WORK ITEM → Write down exactly what lies from the line containing "Беспроводной модуль переключателя" to the end of the records, inclusive, and omit the pictures.

(Items from a dataset)
══════════

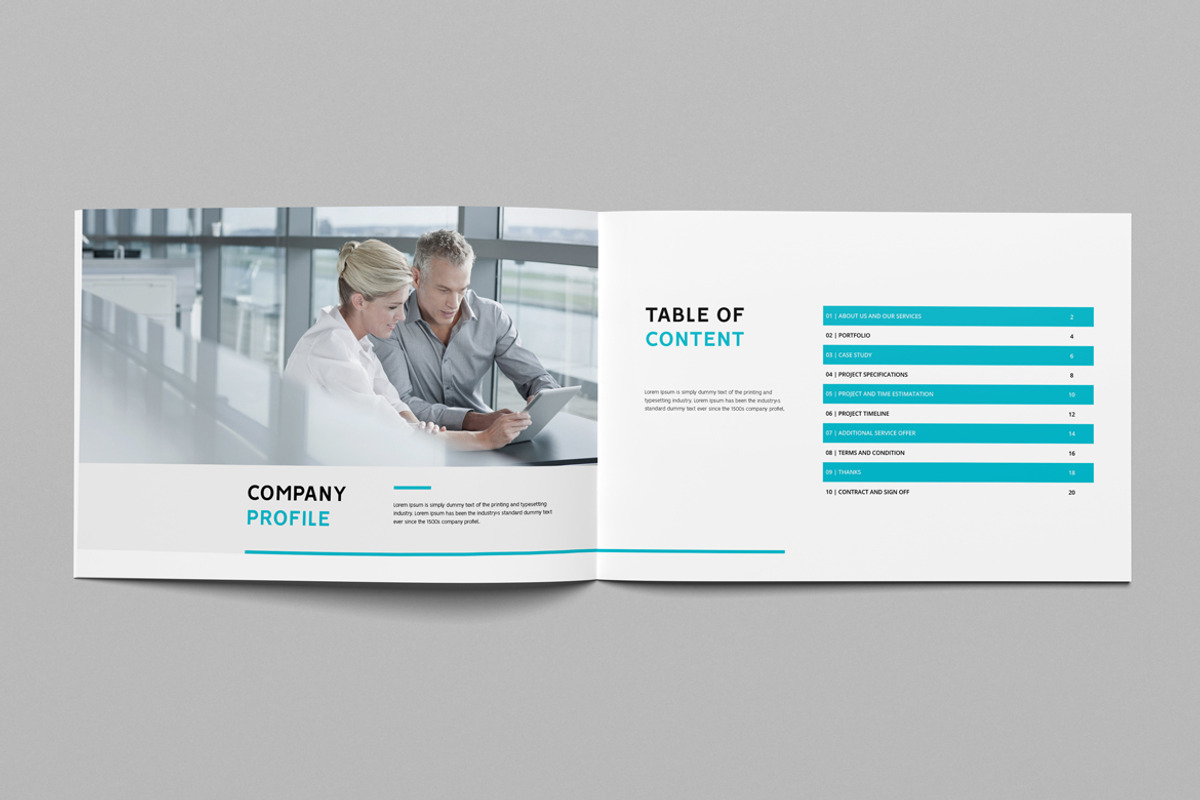 Company Profile Landscape, a Brochure Template by Pro-Gh (Photo 4 of 9)
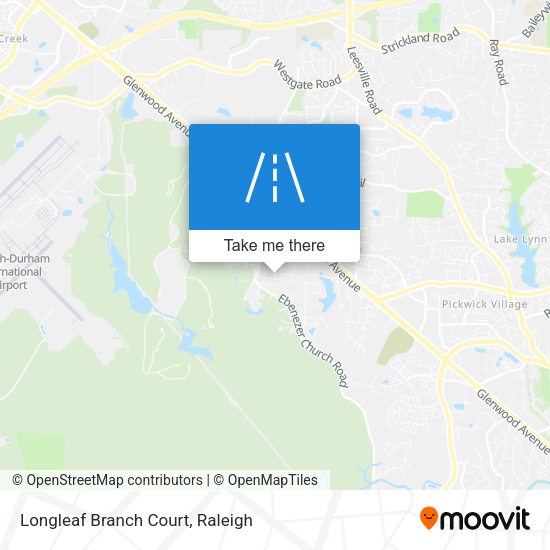 Longleaf Branch Court map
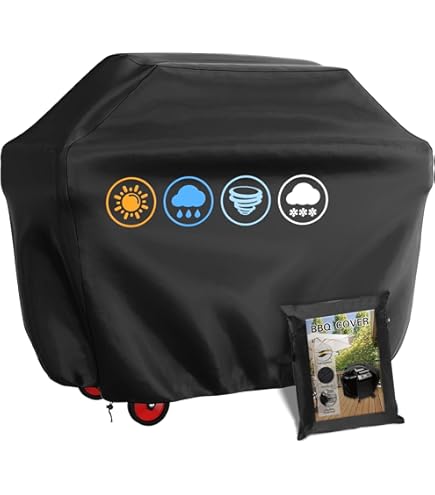 Housse De Barbecue - Housse De Protection - Tissu Oxford - 145 X 61 X 117 Cm - 1 Pièce - Noir | Leroy Merlin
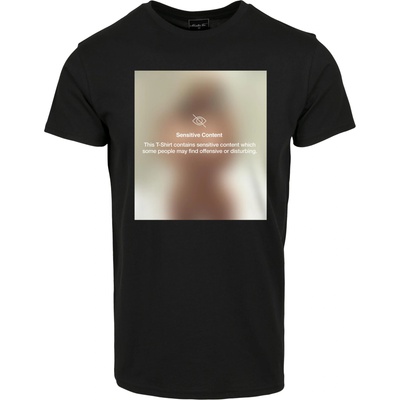 Mister Tee Тениска Sensitive Content Tee black XXLUB-MT2513-00007 - Тъмносив, размер XL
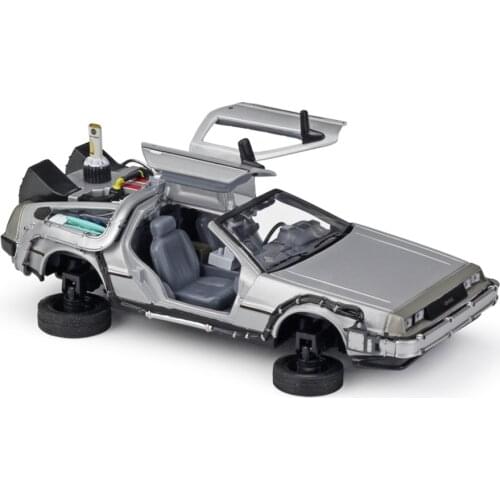 WELLY 1/24 Back To The Future/Ready Player One Simulatio Collector Edition Metal Diecast Model Car Kids Toys Gift
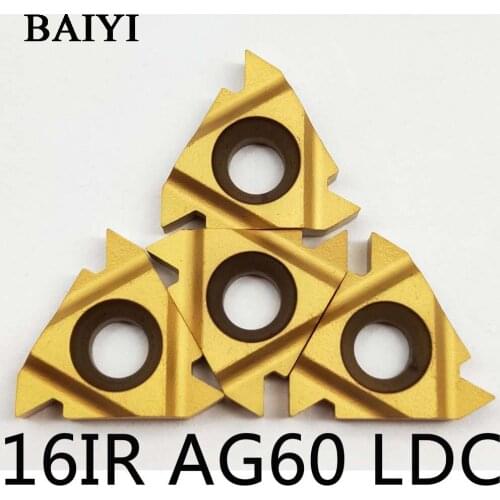 10pcs 16IR AG60 LDC carbide inserts Thread Turning tool cutting tool Lathe Tools cutter CNC tool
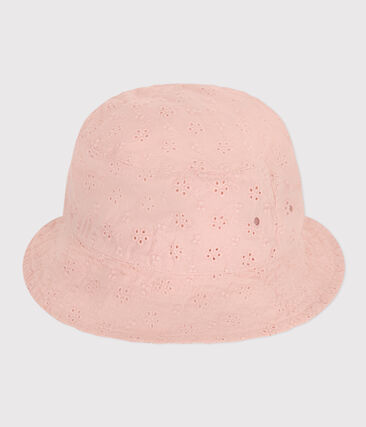 Bob en broderie anglaise rose enfant fille
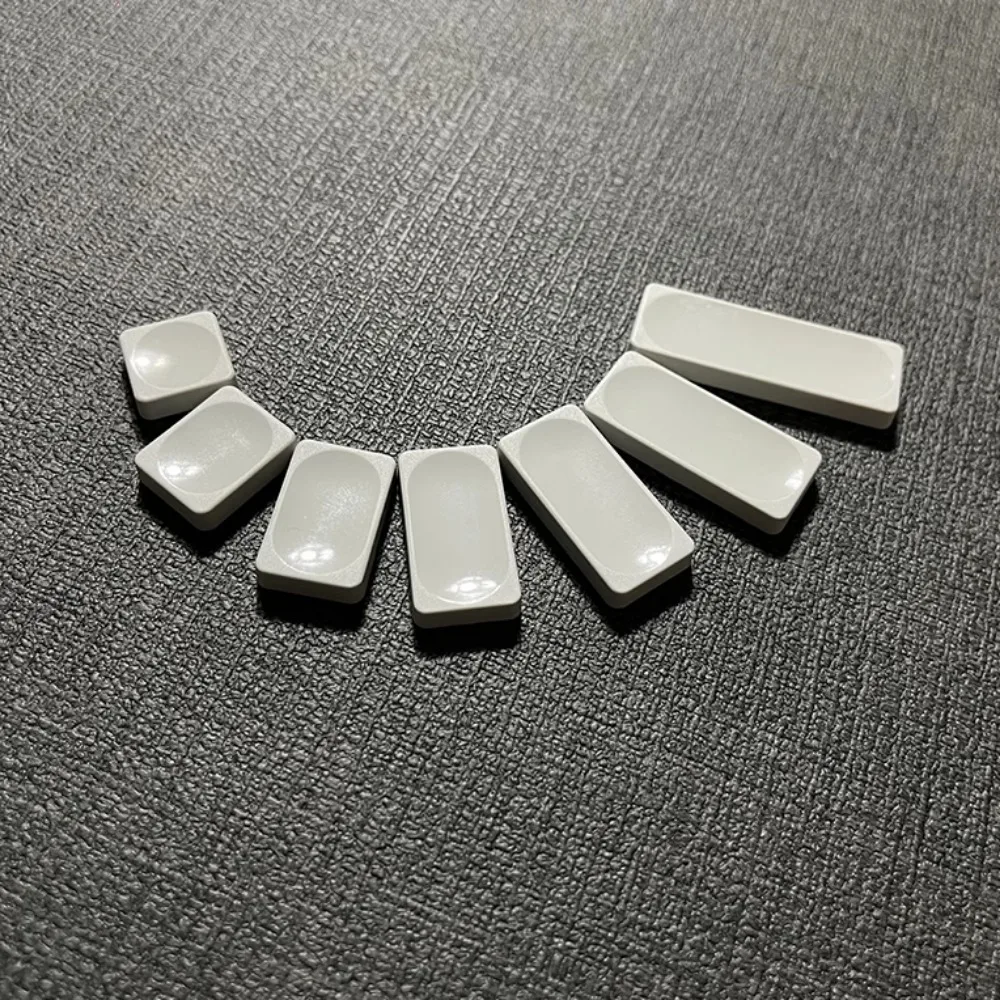 Low Profile Gray Keycap for Cross Switch Custom PBT Ultrathin No Words Keycap Square Flat Choc V2 Switch Artisan Key Caps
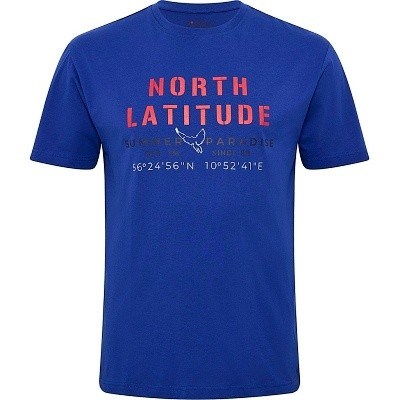 Pánské tričko 51126 NORTH 56°4 modré s potiskem krátký rukáv 4XL - 10XL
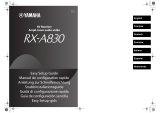 Yamaha RX-A830 Manuel utilisateur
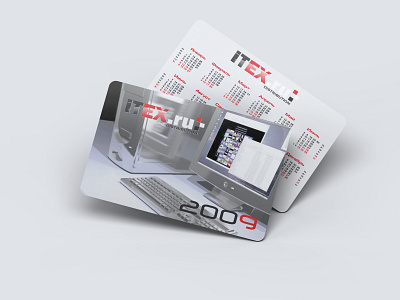 Pocket calendar ITEX branding design graphic design illustration typography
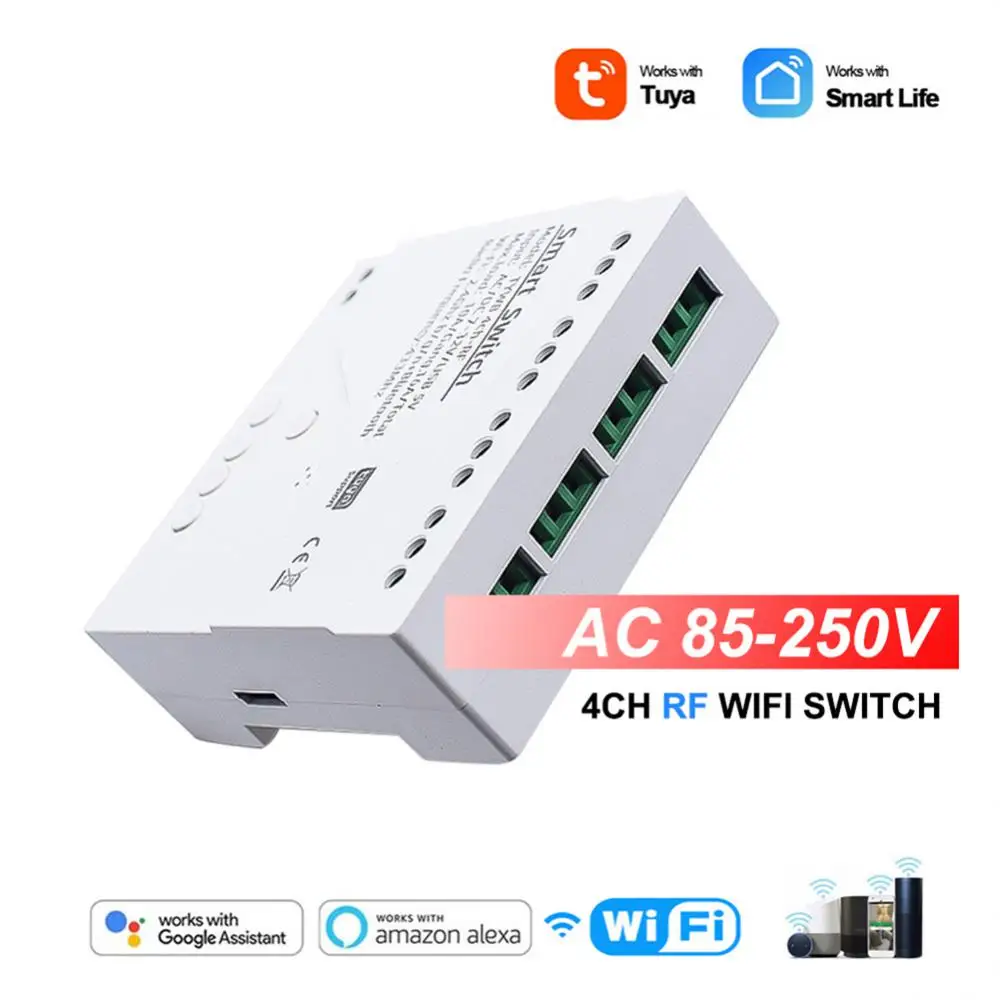 

Беспроводной модуль переключателя Wi-FI Tuya Smart Life, 12 В, 24 В, 220 В, 10 А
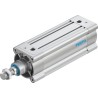 Festo Pneumatic Piston Rod Cylinder 80mm Bore, 150mm Stroke, Double Acting, Aluminium Body DSBC-80-150-PPVA-N3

══════════

RESULT FOR THIS EXERCISE →
Беспроводной модуль переключателя Wi-FI Tuya Smart Life, 12 В, 24 В, 220 В, 10 А
 Festo Pneumatic Piston Rod Cylinder 80mm Bore, 150mm Stroke, Double Acting, Aluminium Body DSBC-80-150-PPVA-N3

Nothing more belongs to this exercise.